At the psychologists office I sit in the waiting room and bask in the silence and the opportunity to do nothing at all for 45 minutes while Annie and the psych are in her room talking. Annie comes out at the end of her session, she is unhappy that once again she was not able to teach the psych about Minecraft, instead they talked about how your body feels when it is angry, the early warning signs. I can see those early warning signs building as I hand her my phone and suggest she have a quick game of Minecraft while I talk to the psych. We quickly discuss strategies, and then it is time to pay the bill, make our appointment for next fortnight and go back to school.
3pm I pull into the school carpark, Annie opens her door, looks at me and says “sometimes I feel like living is just too much”. That off her mind she goes to talk to the Principal about the food that shouldn’t have been in the compost bin. I go with her a little worried by her statement but she is being taken to class, so I head to the office to check on media permission for some student photos I’m planning to load onto the school website.
3.30pm the bell rings and Heidi comes out of class anxiously looking for me, there are tears when I’m not instantly visible to her. We walk to the car together, Annie still talking about the compost, Heidi covering her ears and saying “be quiet Annie”, but Annie can’t be quiet, she has become fixated on the compost and everyone we meet gets told about it. I suggest to Heidi that she have a quick play on the playground equipment while I catch up with some of the school mums. This goes well for 10 minutes, then Heidi wants to go home and simply walks out of the school grounds, to the car by herself. I run after her, grabbing her school bag on the way and calling to Annie to follow us.
4-6.30pm both girls are tired and stressed after their day, they have fruit for afternoon tea and then a sandwich each, between tears and arguments, neither able to tolerate anyone else’s needs when they are so overwhelmed themselves. Once fed I send them to separate rooms with iPads for some alone play and start to prepare dinner.
6.30pm husband arrives home and food is served, most of our meals are ‘assemble it yourself’ affairs where all the ingredients are provided and each individual can choose what they prefer to eat.

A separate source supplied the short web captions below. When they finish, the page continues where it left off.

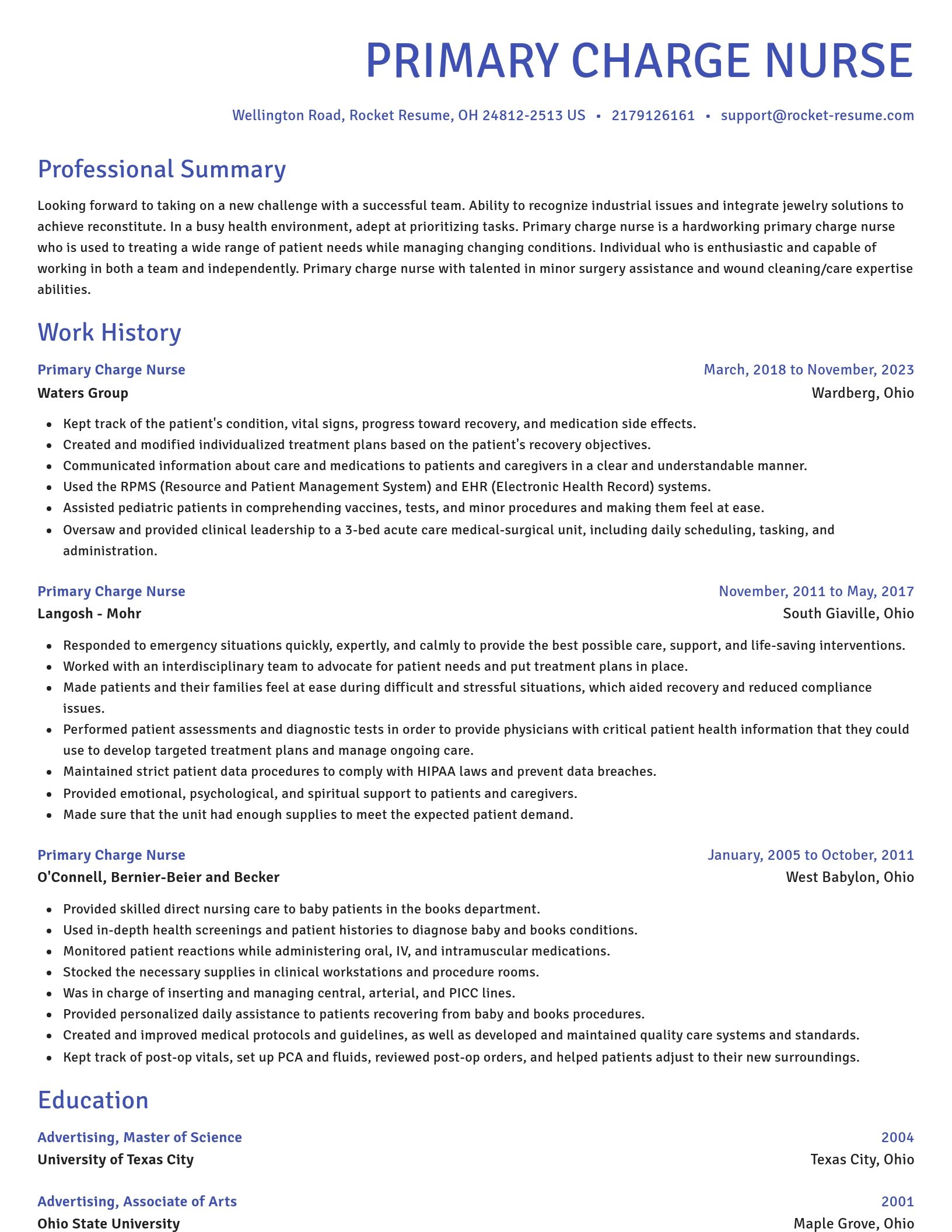 Novel resume template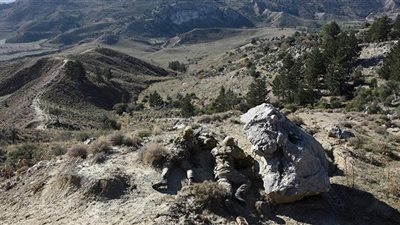 قوات الأمن التركية تحيد 8 مسلحين جنوب شرقي تركيا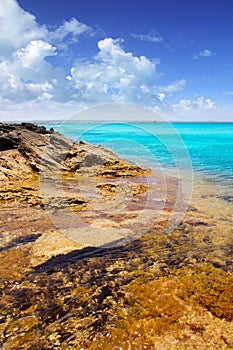 Formentera island Illetas rocky shore turquoise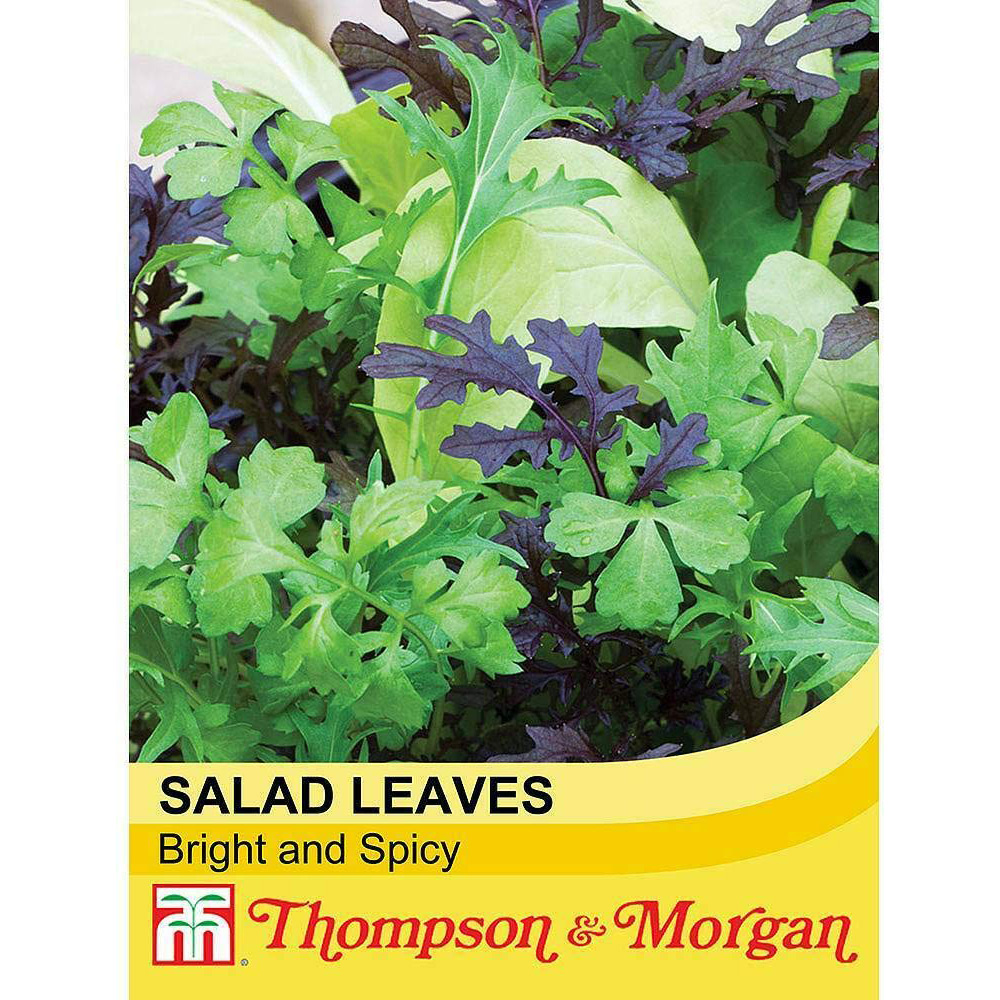 Thompson & Morgan Salad Leaves Bright and Spicy Seeds Image 2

I ask everyone “What was the best bit of your day” to help focus on the positive aspects of the day, then “What are you looking forward to tomorrow”, this can give me a hook to lure reluctant children from bed the following morning.
7.30pm we start Heidi’s bedtime routine and hope that tonight she stays asleep. Melatonin is given, stories are read, cuddles are had and Heidi falls asleep for another night.
Annie has her sleep medicine at the same time and settles into her reading corner in her bedroom with a book. Despite being on the strong sleep medication she still manages to fight off sleep, some nights till after 11pm. We then spend the next few hours returning her to bed from various locations and activities around the house.
Husband and I try to watch TV together, do a little tidying up of the kitchen, both activities that can be interrupted to put Annie back to bed again or calm her tearful worries or meltdowns.
9pm I head to bed, it was an early morning, it may be an early morning again tomorrow. Husband stays up to continue shepherding Annie back to bed.
Thank you for sharing your day Marita, your post opened my eyes to the complexities of living with children on the autism spectrum. All the links in this post go to Marita’s blog where she shares strategies that she uses to get through the everyday with her girls – her blog is a fabulous resource for all parents.